Drawdown Date .  The date on which any Loan is made or is to be made, and the date on which any Revolving Credit Loan is converted or continued in accordance with §2.7.

El Torito Companies .  Collectively, ETFI and ETRI.

El Torito Concept .  The method of operation used by and the intellectual property associated with those Stores that as of the Closing Date operate under any trade name that contains the words “El Torito”.

El Torito Grill Concept .  The method of operation used by and the intellectual property associated with those Stores that as of the Closing Date operate under any trade name that contains the words “El Torito Grill”.

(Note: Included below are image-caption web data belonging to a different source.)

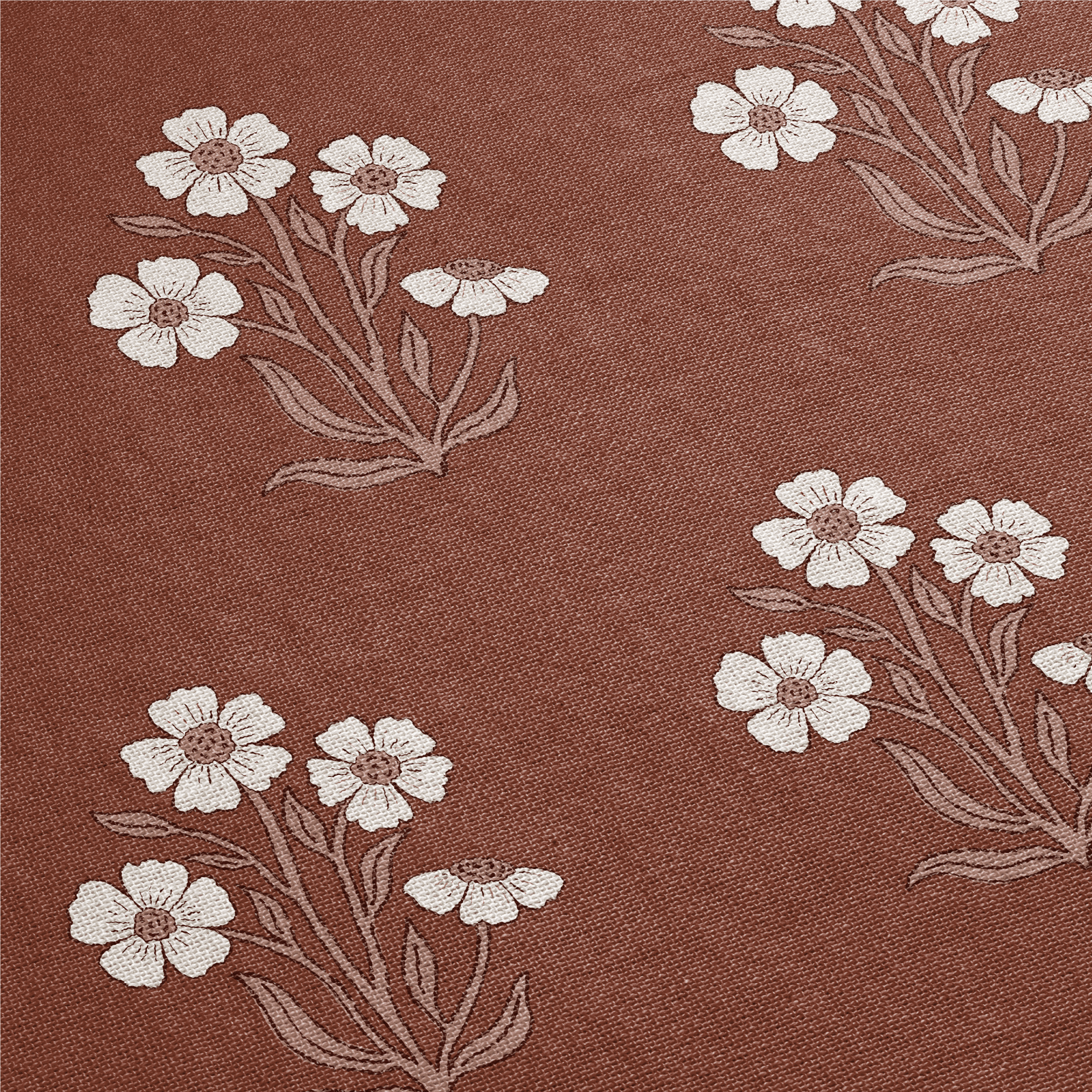 Floral pattern with white flowers on a brown background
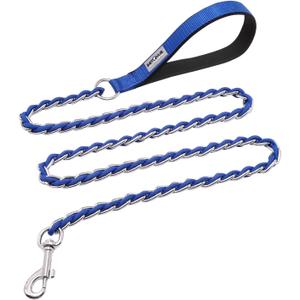 Chain Dog Leash Chew Proof Metal Leash for Medium Large Dogs, Chain Link Dog Anti Chew 5.2FT / 4FT Strong Anti Bite Comfortable Soft Padded Handle (Blue, 5FT(30-80lb)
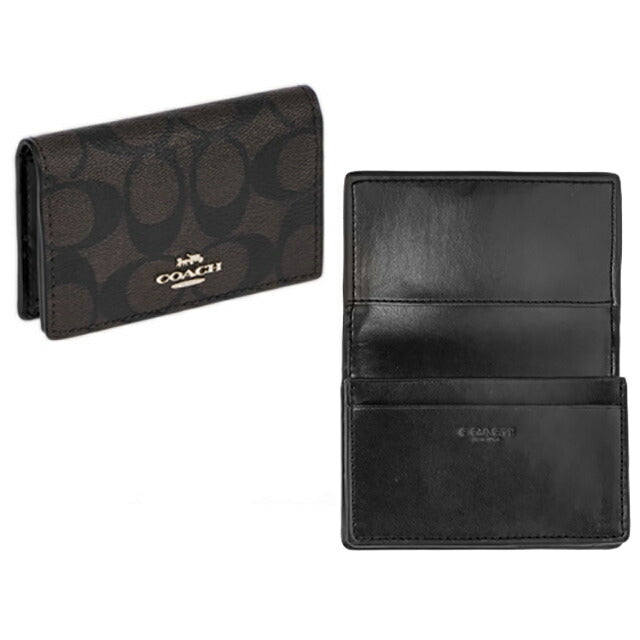 コーチ 名刺入れ レディース ブランド COACH シグネチャー 91681 IMAA8 1 ブラウン/ブラック 91681-IMAA8-1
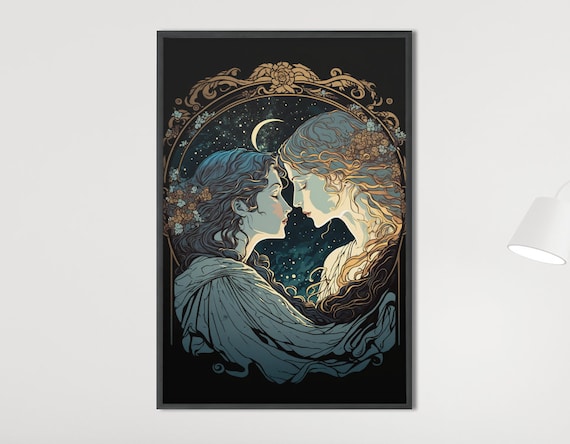Ethereal Sapphic Art Lesbian Art Sapphic Art Print Queer Art Lesbian Art Print WLW Art Lesbian Wall Art Subtle Pride Art Lesbian Poster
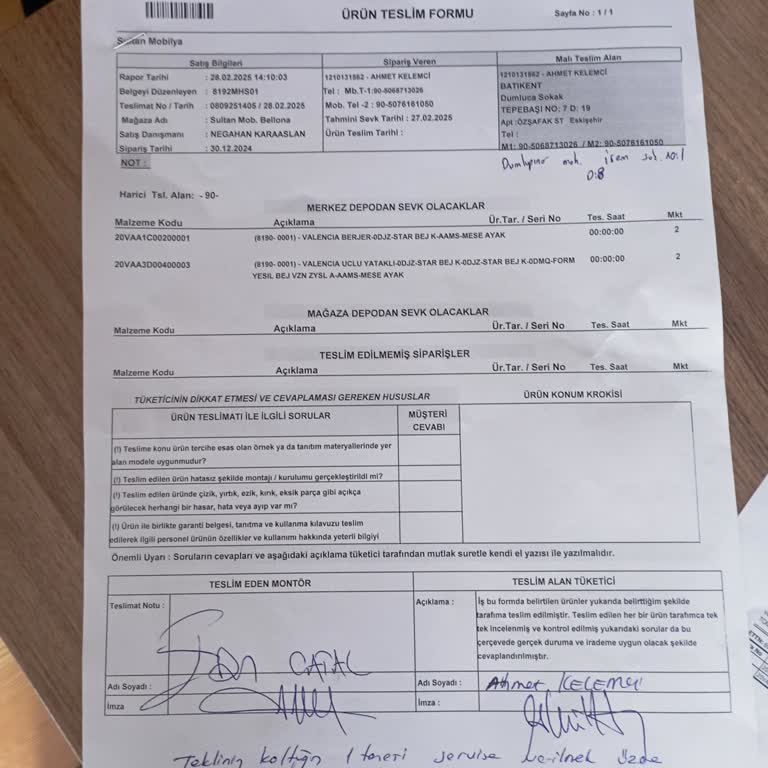 Kırık Oturma Grubu Ve Yetersiz Müşteri Hizmetleri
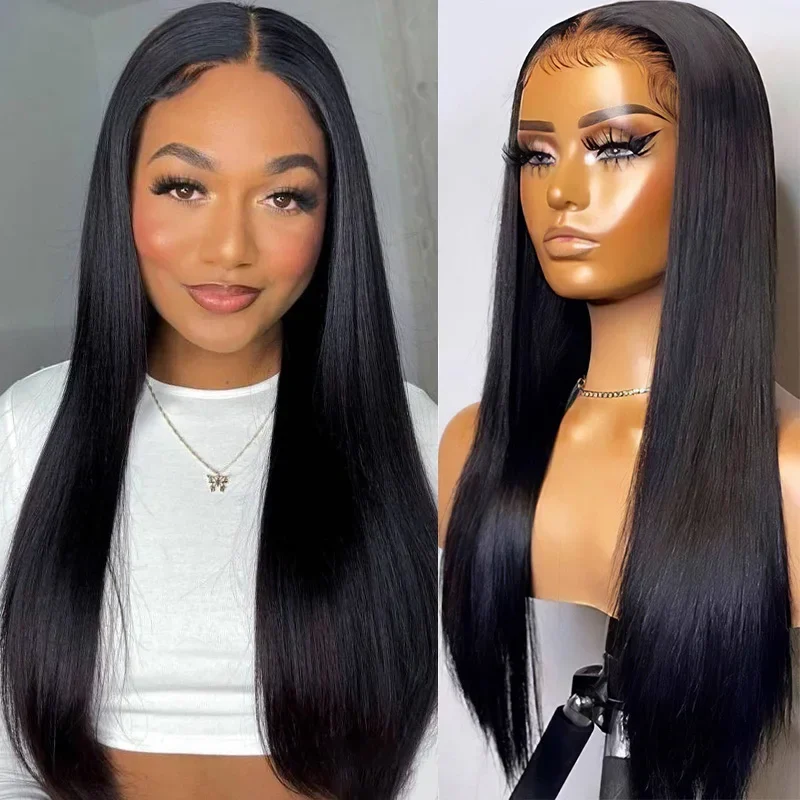 

4x4 Straight 7x5 HD Transparent Brazilian Lace Frontal Wig For Women Glueless Wigs Human Hair Ready To Wear 13x4 Lace Front Wigs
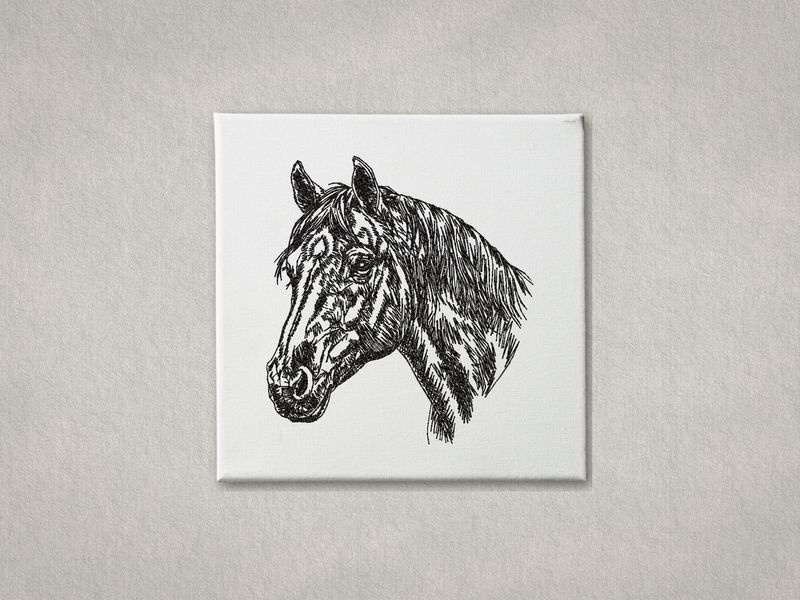 Detailed black embroidered horse head portrait on white gallery-wrapped canvas. Minimalist grey textured wall background.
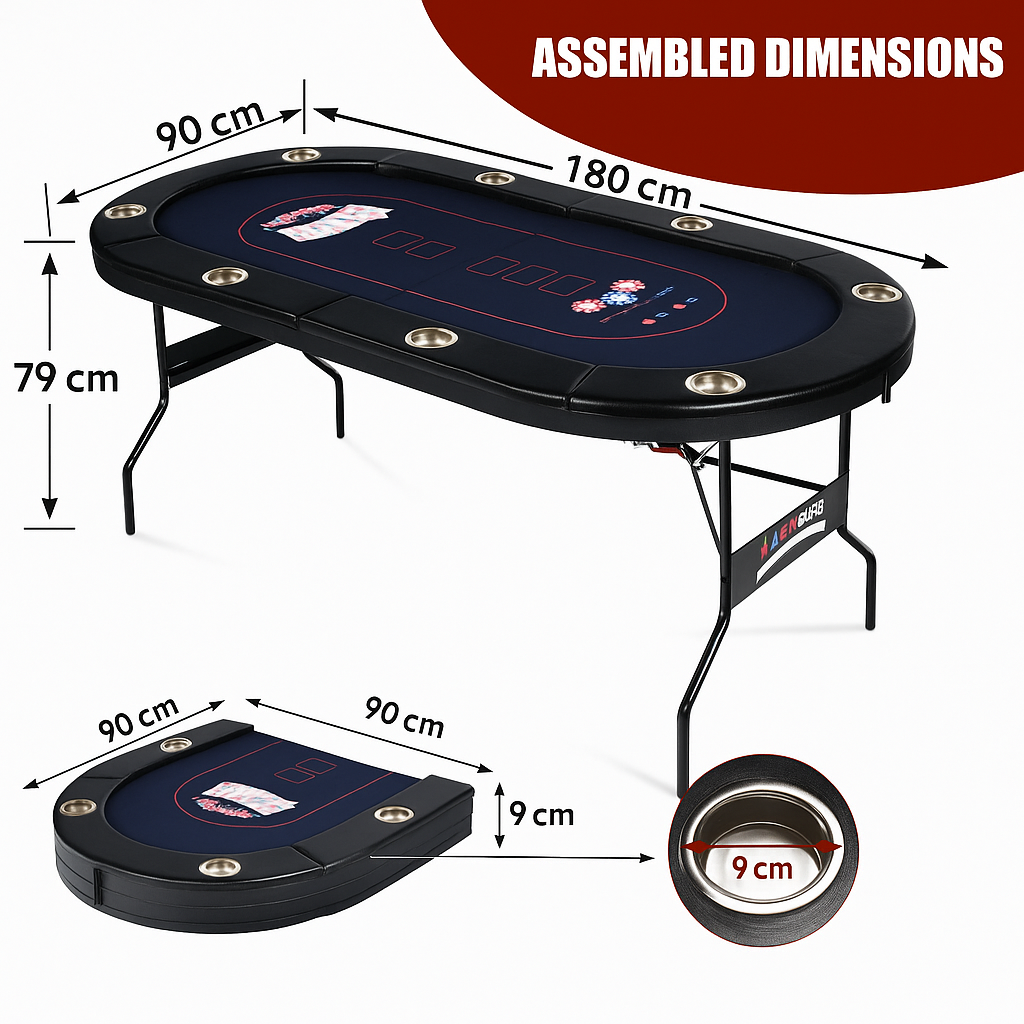 8-Player Foldable Poker Table-Uxuan Sports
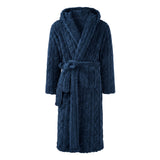 Hoodie Dressing Gown with Self-Tie Waist Belt, CC291181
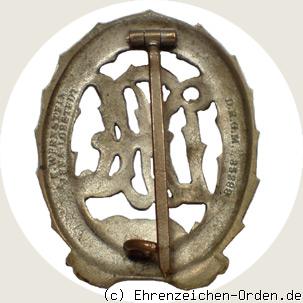 Sportabzeichen DRA (Deutscher Reichsausschuss für Leibesübungen) in Silber R&uuml;ckseite
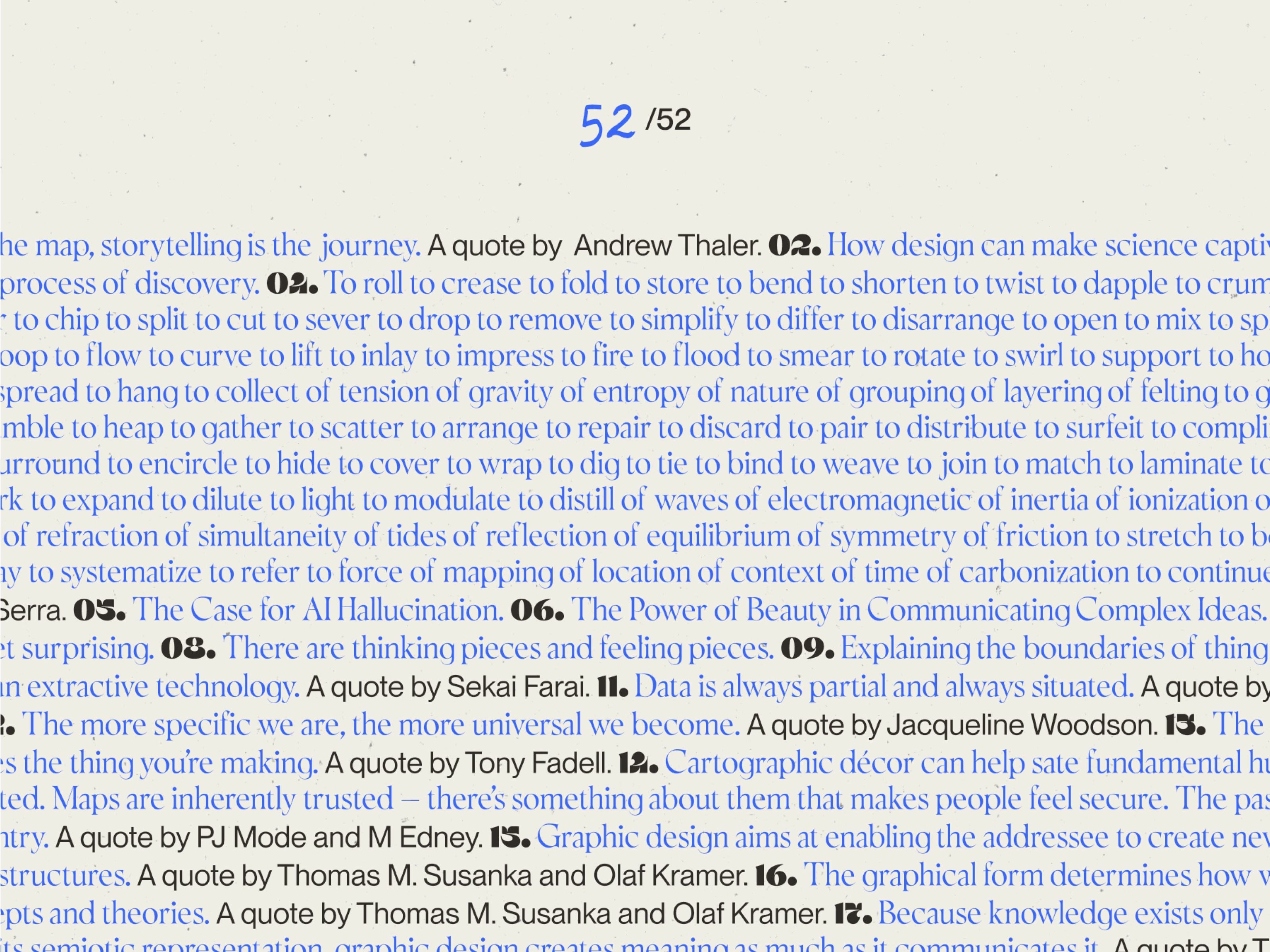 Fifty Two Weeks graphic design poster quote texture typography weekly design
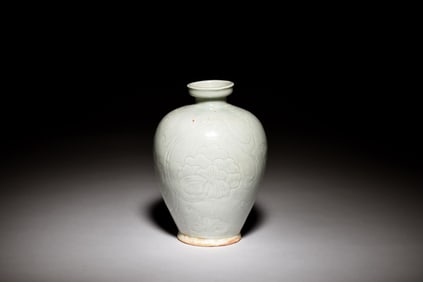 CELADON GLAZED AND IMPRESSED 'FLOWERS' VASE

Eligible Assignee .  Any of (a) a commercial bank or finance company organized under the laws of the United States of America, or any State thereof or the District of Columbia, and having total assets in excess of $1,000,000,000; (b) a savings and loan association or savings bank organized under the laws of the United States of America, or any State thereof or the District of Columbia, and having a net worth of at least $100,000,000, calculated in accordance with generally accepted accounting principles; (c) a commercial bank organized under the laws of any other country which is a member of the Organization for Economic Cooperation and Development (the “ OECD ”), or a political subdivision of any such country, and having total assets in excess of $1,000,000,000, provided that such bank is acting through a branch or agency located in the country in which it is organized or another country which is also a member of the OECD; (d) the central bank of any country which is a member of the OECD; (e) any mutual fund, insurance company, or investment fund that is an “accredited investor” (as defined in Regulation D of the Securities Act of 1933, as amended); and (f) if, but only if, any Event of Default has occurred and is continuing, any other bank, insurance company, commercial finance company or other financial institution or other Person approved by the Agent, such approval not to be unreasonably withheld.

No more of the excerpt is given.